Start of SOURCE DATA

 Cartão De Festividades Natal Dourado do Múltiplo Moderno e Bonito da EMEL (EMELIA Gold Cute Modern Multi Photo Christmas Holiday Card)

End of SOURCE DATA
Start of SOURCE DATA

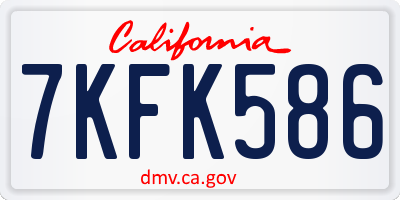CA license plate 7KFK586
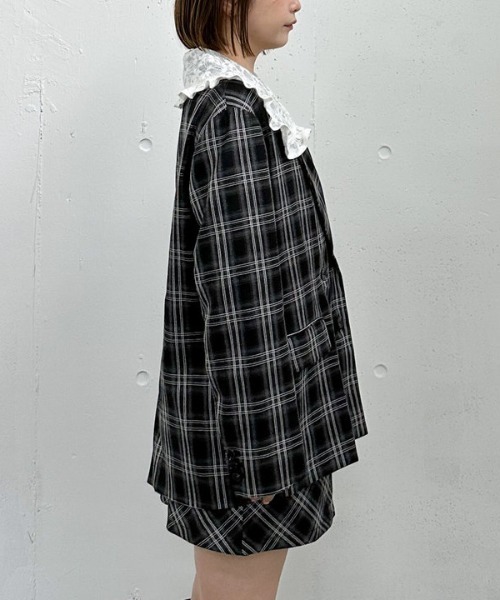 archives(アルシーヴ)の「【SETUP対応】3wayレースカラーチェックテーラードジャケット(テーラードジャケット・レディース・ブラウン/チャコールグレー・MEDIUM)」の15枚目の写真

End of SOURCE DATA

▸ THE PROBLEM
Among the entries above, locate the line with "CA license plate 7KFK586" and the line with "archives(アルシーヴ". Give those two lines and all lines between them again, exactly, leaving out the pictures.

▸ THE COMPLETED TASK
CA license plate 7KFK586
 archives(アルシーヴ)の「【SETUP対応】3wayレースカラーチェックテーラードジャケット(テーラードジャケット・レディース・ブラウン/チャコールグレー・MEDIUM)」の15枚目の写真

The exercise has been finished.